What does The One EDT for Women Smell Like?

Notes include: lily, vanilla, bergamot, mandarin orange, lychee, peach, ylang ylang, orange blossom, vetiver, and musk

Click here to try: The One EDT for Women


My Full Review

Before we get started into my thoughts on this perfume, let’s see what D&G has to say about it in their description:

The One eau de toilette is an enchanting, sensual, and feminine scent, with a new twist of freshness that magnifies the key note of Madonna lily. Oriental Floral. 

The opening of the EDT version of The One is very sweet with the vanilla note leading the way and smooth floral notes such as the orange blossom and lily. While there are multiple citrus ingredients listed, what I mostly get is peach coming through, and the bergamot/orange is a much weaker aroma.

Though, with orange blossom as well, you do get some bursts of citrus during the wear. To me, that is a good thing, as I really do enjoy the smell of orange blossom.

You do get a lovely top from this fragrance, with some juicy fruit and sweetness, beyond just being another floral scent. Yes, floral notes do take over more as it wears on, but I like the peach and the light citrus touch from the start. Still, all of this is experienced within the embrace of the floral and woodsy notes.

The One EDT is quite a rich and warm perfume. Lily, vanilla, amber, and musk create an enveloping cloud of sweet white florals. Moving forward, I also detect a very lovely ylang-ylang note which adds another dimension to the floral composition.

It becomes quite creamy and a sweet floral during the latter stages. The lily does indeed begin to fully dominate the fragrance, but I still get enough vanilla and amber, for this scent to keep its appeal.

Ultimately, it is a lily, vanilla, and amber scent with a bouquet of floral notes surrounding that trio. Also, a peach note, which still has a good deal of strength during the later periods of its cycle.


Sillage, Longevity, and Versatility

Projection wise, this can start out with some pretty heavy sillage, but later on it becomes much more moderate. Now, it can be overdone with too many sprays, but a normal application should have no problems.

That opening strength might last from 30-60 minutes, depending on the day. But, even after that the strength is fine and The One is quite usable.

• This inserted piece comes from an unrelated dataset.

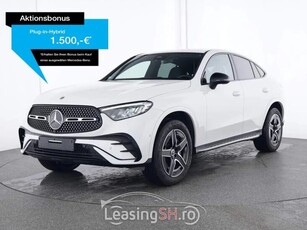 Mercedes-Benz GLC 300 e 4M Coupé *AMG*NIGHT*DISTRONIC*MEMORY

The longevity is fairly good as well, The One EDT lasted around 7 hours on my skin. Not the best of the best, but good enough for most purposes. It’s actually much better than the men’s EDT version, so, I won’t complain too much.

Seasonally, this Dolce scent feels like it’d be best in cold weather, but fine in anything but the hottest days of the year. Even though this is a fruitier scent, the other notes have enough body and thickness to make it less than ideal for the summer.

It is a versatile fragrance that can be worn everyday at the office, class, but is attractive enough to pull double duty on a date or a night out.

I certainly found it quite pretty and appealing, with a certain amount of sexiness to it. But, it doesn’t stray too far into the seductive nightlife wear. Mostly, just an attractive and versatile scent.

Honestly, it kind of fits for any age range. The sweetness that it does have doesn’t put it into ‘teenager only’ perfume category. Though, they could certainly wear The One as well.


Overall Impressions of The One EDT

Overall, is The One eau de toilette worth a try? I’d say, yes. It is a very attractive scent but it is also a very sweet scent. You’re going to have to enjoy lily, peach, and an enveloping warm sweetness.

Honestly, the perfume can be a bit much at times, but as a white floral fragrance it works well in totality. Still, I think that it is an improvement upon the EDP version, in a lot of ways. I got a good performance from it and it does have quite a lot of beauty within that sweetness.

It’s not an amazing fragrance. The peach and the citrus up top are a highlight for me, even if things can feel crowded at times, with all of the notes jockeying for position.

Again, if peach gets on your nerves, this is probably one to avoid. Otherwise, it is a very nice D&G release, which does almost everything well. It’s been around forever, at this point, and so no new ground is being broken with this one.